*INSTRUCTIONS FOR THE TASK*
Exact copies of the lines below, from the one with "F.I.A.M.E. 40x25 Terminal Blocks" up to and including the one with "Ave considerada símbolo", are what this calls for; leave out pictures.

*LISTED ENTRIES*
-.-.-

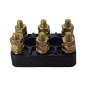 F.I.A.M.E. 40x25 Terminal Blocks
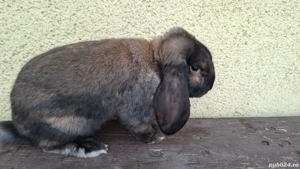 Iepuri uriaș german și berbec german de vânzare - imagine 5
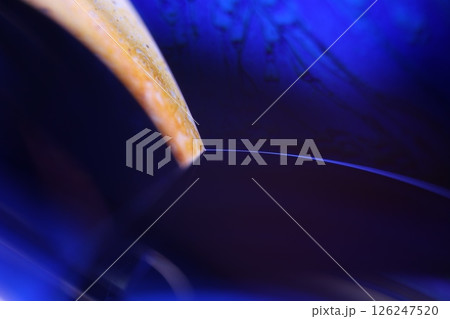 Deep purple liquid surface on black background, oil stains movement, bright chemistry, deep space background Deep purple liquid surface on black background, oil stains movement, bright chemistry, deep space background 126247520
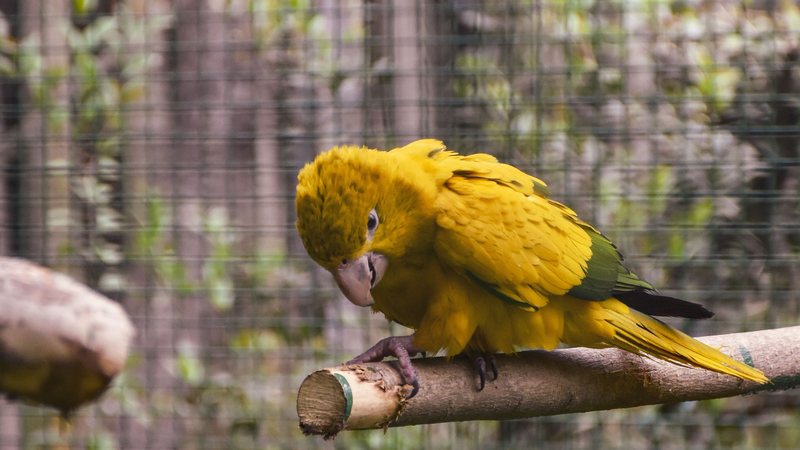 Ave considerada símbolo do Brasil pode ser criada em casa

-.-.-

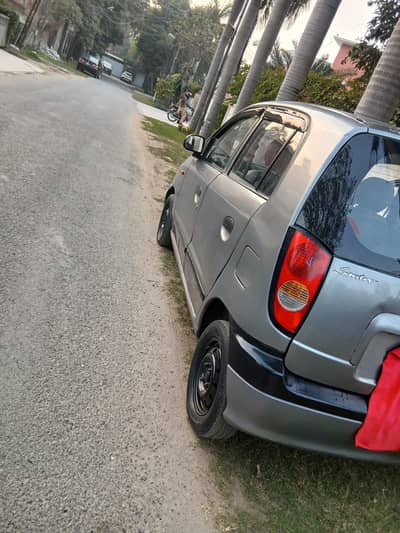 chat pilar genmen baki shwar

-.-.-

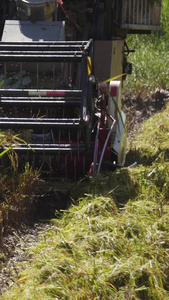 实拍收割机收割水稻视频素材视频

-.-.-

*ANSWER SPACE*
 F.I.A.M.E. 40x25 Terminal Blocks
 Iepuri uriaș german și berbec german de vânzare - imagine 5
 Deep purple liquid surface on black background, oil stains movement, bright chemistry, deep space background Deep purple liquid surface on black background, oil stains movement, bright chemistry, deep space background 126247520
 Ave considerada símbolo do Brasil pode ser criada em casa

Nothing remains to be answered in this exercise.